Begin with the line containing "Mirve Butik V", end with the last line of the records, and retype everything in between exactly, without the pictures.

*** Opening Raw data ***

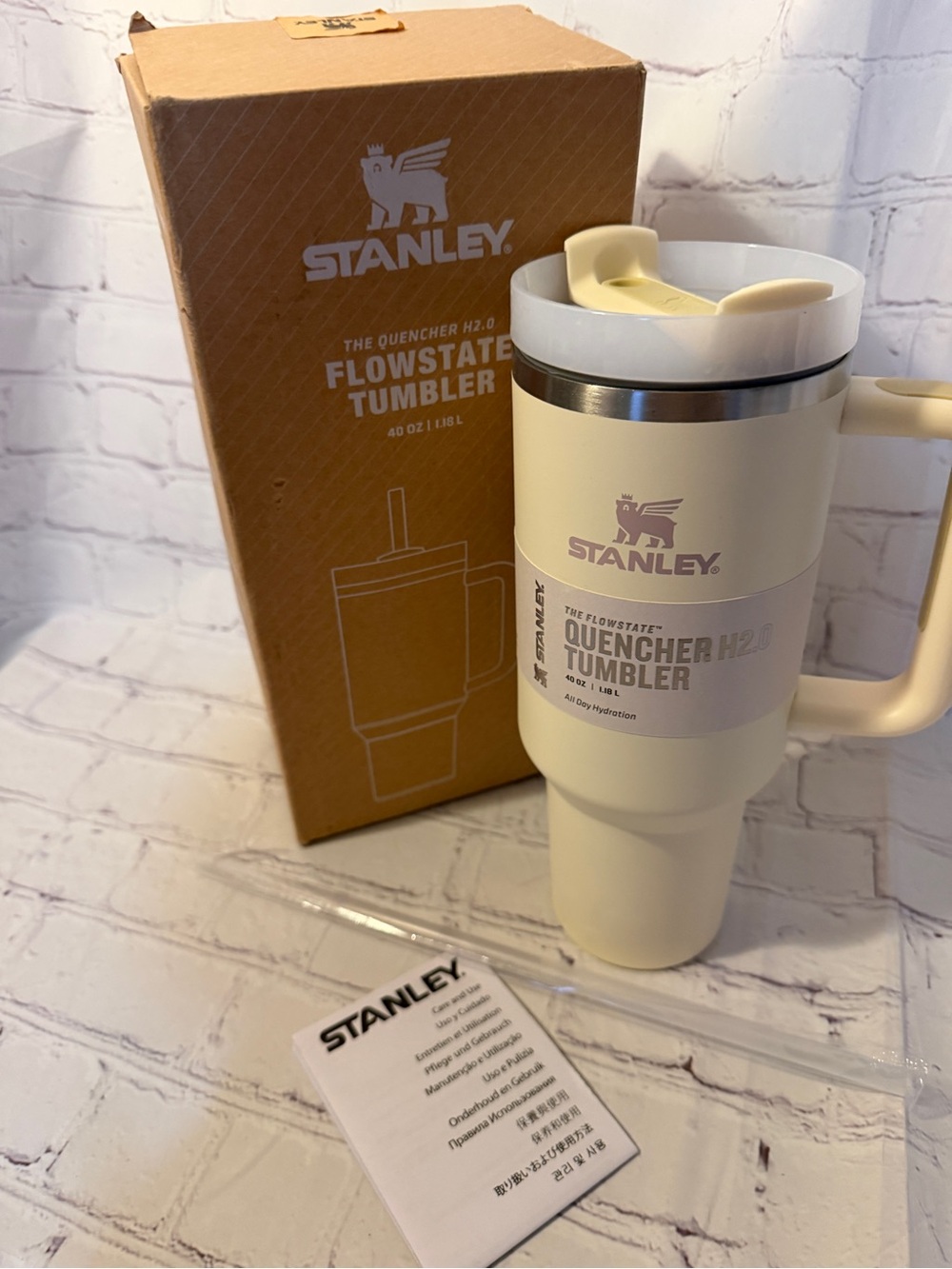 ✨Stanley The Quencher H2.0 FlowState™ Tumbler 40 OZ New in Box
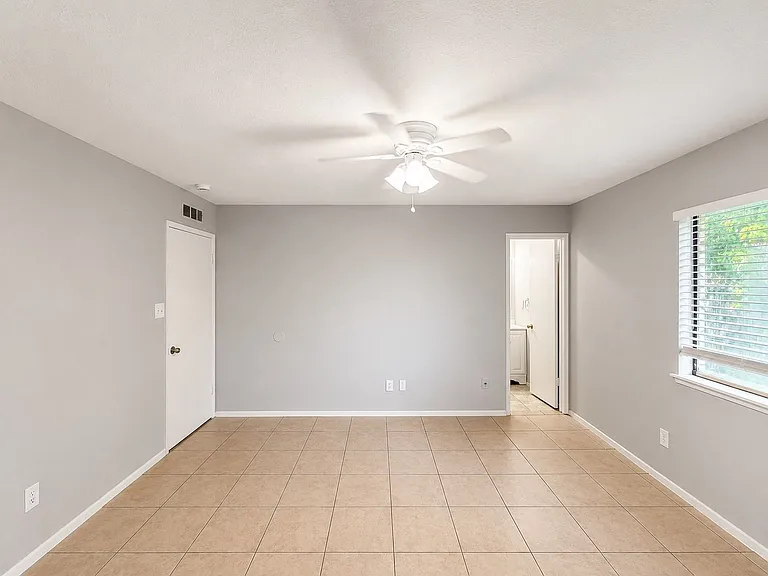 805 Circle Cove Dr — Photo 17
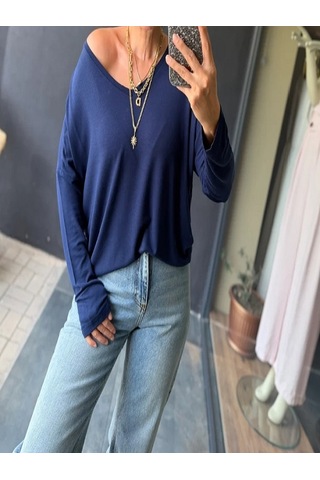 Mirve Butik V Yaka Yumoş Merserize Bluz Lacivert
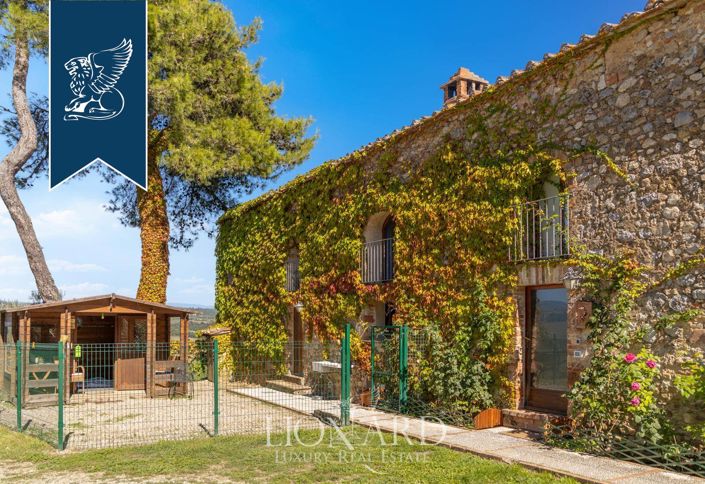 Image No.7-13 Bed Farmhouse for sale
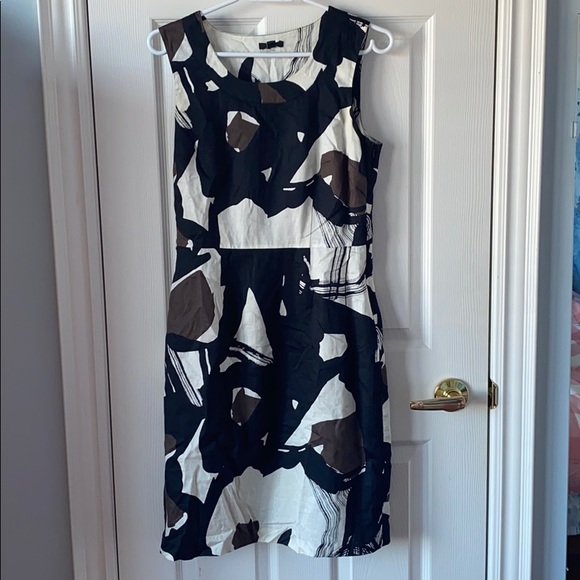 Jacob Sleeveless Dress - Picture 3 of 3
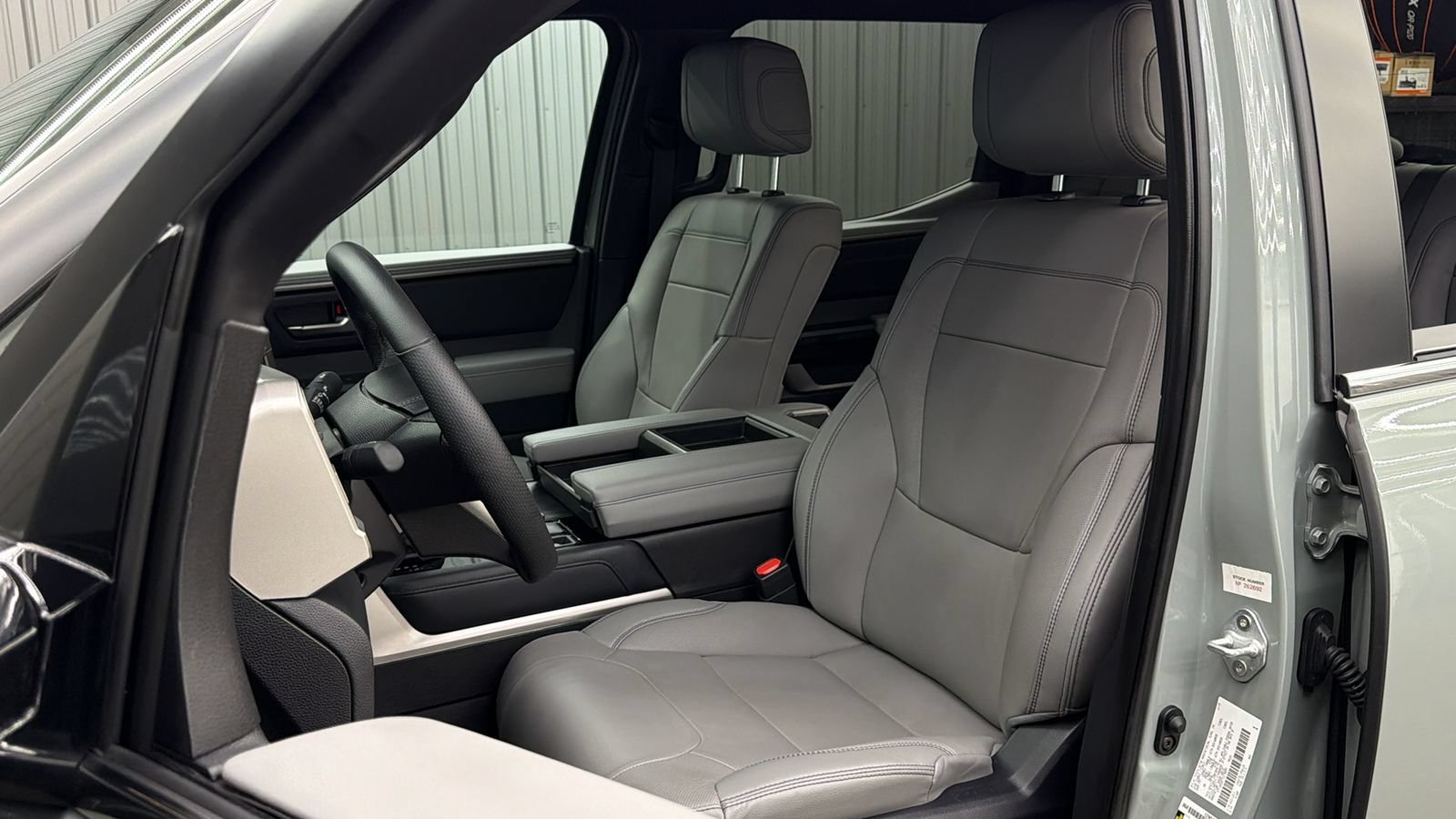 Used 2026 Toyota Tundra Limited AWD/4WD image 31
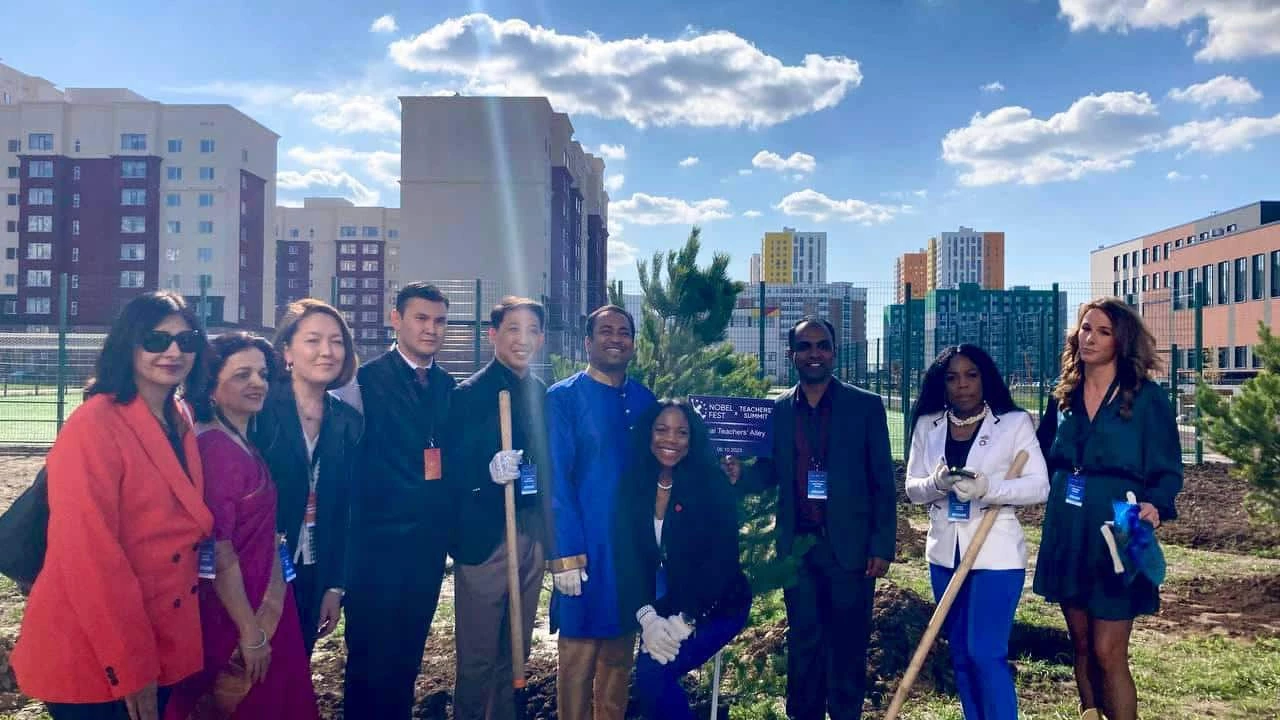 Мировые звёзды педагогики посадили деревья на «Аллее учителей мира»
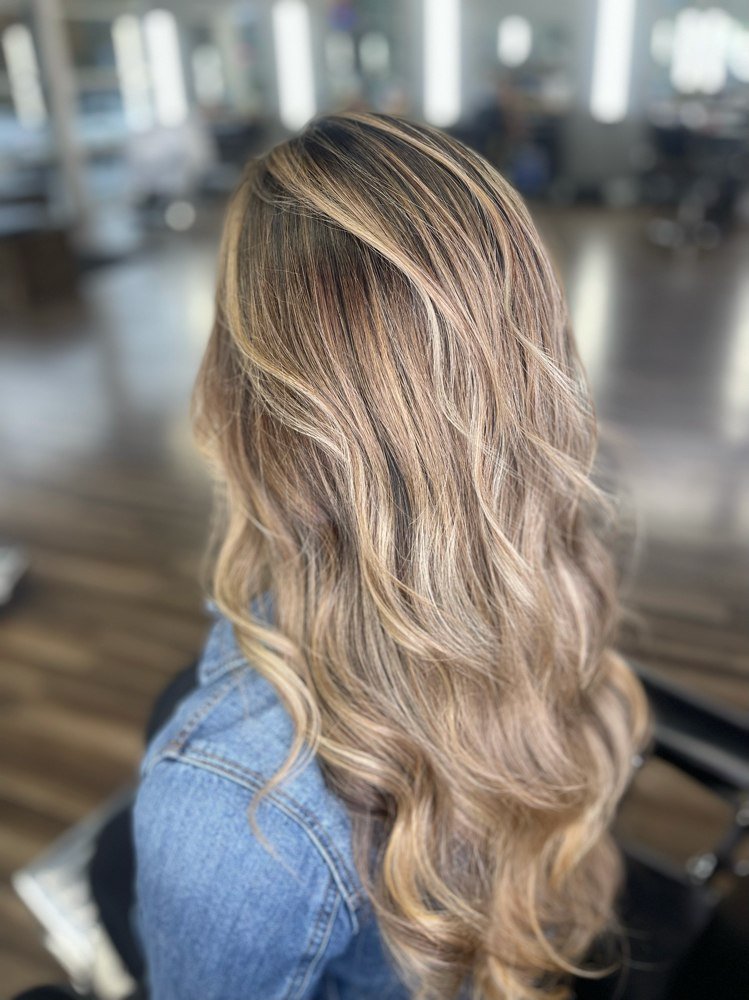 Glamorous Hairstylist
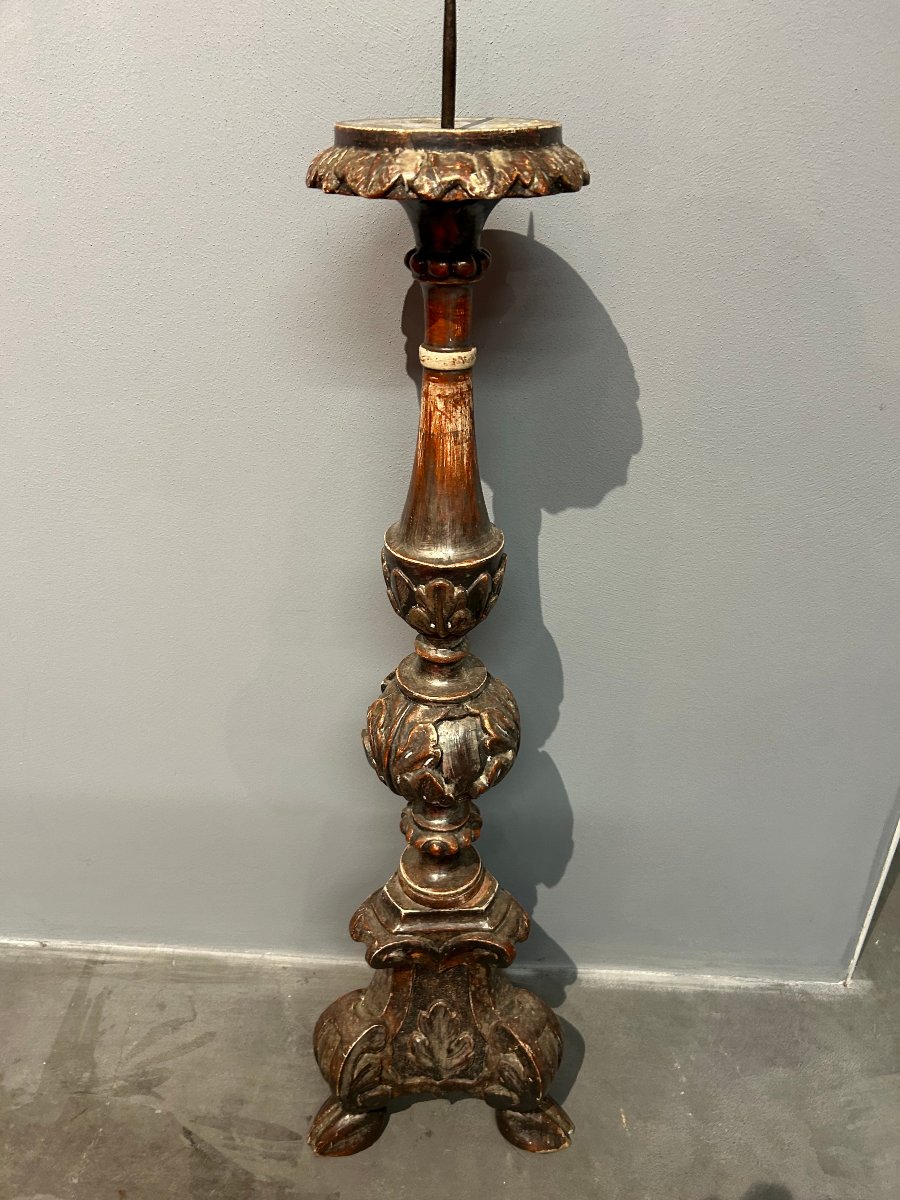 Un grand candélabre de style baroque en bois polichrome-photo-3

*** Closing Raw data ***

• Task output:
 Mirve Butik V Yaka Yumoş Merserize Bluz Lacivert
 Image No.7-13 Bed Farmhouse for sale
 Jacob Sleeveless Dress - Picture 3 of 3
 Used 2026 Toyota Tundra Limited AWD/4WD image 31
 Мировые звёзды педагогики посадили деревья на «Аллее учителей мира»
 Glamorous Hairstylist
 Un grand candélabre de style baroque en bois polichrome-photo-3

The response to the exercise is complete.